§ **TASK DETAILS**
From the first line through the line containing "Coque glossy Flag", transcribe the records exactly and include no other lines.

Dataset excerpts
········
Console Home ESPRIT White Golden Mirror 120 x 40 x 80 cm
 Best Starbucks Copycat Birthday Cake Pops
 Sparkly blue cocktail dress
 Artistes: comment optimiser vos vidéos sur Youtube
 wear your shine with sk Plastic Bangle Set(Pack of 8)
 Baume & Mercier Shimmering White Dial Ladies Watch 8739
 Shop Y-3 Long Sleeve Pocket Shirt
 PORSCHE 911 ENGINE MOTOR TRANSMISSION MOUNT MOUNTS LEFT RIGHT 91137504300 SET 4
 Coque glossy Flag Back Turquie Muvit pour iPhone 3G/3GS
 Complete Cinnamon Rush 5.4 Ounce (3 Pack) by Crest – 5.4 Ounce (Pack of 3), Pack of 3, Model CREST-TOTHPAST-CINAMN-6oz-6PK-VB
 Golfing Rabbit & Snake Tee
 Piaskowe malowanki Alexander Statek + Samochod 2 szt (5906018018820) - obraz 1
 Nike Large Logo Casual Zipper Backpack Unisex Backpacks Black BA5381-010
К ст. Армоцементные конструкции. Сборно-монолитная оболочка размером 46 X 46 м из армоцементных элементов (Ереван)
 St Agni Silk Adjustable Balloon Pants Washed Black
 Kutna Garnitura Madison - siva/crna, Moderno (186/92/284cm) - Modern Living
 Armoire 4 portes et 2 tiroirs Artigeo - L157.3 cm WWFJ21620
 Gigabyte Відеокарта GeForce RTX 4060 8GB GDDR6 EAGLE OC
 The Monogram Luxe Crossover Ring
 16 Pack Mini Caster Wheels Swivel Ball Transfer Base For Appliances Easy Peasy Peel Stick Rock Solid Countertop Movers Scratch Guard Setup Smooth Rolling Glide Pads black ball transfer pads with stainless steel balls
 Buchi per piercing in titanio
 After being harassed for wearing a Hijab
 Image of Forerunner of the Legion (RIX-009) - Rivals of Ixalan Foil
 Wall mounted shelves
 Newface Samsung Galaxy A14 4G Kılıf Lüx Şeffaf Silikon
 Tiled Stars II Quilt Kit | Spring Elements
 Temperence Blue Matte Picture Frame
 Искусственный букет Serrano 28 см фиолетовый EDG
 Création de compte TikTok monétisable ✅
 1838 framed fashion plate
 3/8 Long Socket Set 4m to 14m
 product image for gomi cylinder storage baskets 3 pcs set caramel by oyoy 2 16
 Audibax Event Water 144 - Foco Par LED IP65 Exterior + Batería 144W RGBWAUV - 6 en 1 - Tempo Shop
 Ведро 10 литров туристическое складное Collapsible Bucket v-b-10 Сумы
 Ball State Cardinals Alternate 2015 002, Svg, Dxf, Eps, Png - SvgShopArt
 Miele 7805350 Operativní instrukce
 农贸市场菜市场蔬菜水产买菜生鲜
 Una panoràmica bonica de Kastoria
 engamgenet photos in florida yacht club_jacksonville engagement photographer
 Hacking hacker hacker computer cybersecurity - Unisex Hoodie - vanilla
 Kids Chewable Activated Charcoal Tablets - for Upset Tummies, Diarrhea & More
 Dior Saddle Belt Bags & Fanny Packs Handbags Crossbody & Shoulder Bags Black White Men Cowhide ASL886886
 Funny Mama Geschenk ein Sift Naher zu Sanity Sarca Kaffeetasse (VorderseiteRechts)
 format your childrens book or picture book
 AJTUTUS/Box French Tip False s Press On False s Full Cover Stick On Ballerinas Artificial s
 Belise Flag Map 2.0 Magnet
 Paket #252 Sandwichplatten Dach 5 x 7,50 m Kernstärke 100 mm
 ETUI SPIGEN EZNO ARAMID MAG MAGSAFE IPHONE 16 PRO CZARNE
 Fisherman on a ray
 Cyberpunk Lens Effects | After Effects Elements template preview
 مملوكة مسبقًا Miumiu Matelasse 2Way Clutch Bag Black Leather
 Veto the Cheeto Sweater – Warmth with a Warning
········
§ **ANSWER BOX**
Console Home ESPRIT White Golden Mirror 120 x 40 x 80 cm
 Best Starbucks Copycat Birthday Cake Pops
 Sparkly blue cocktail dress
 Artistes: comment optimiser vos vidéos sur Youtube
 wear your shine with sk Plastic Bangle Set(Pack of 8)
 Baume & Mercier Shimmering White Dial Ladies Watch 8739
 Shop Y-3 Long Sleeve Pocket Shirt
 PORSCHE 911 ENGINE MOTOR TRANSMISSION MOUNT MOUNTS LEFT RIGHT 91137504300 SET 4
 Coque glossy Flag Back Turquie Muvit pour iPhone 3G/3GS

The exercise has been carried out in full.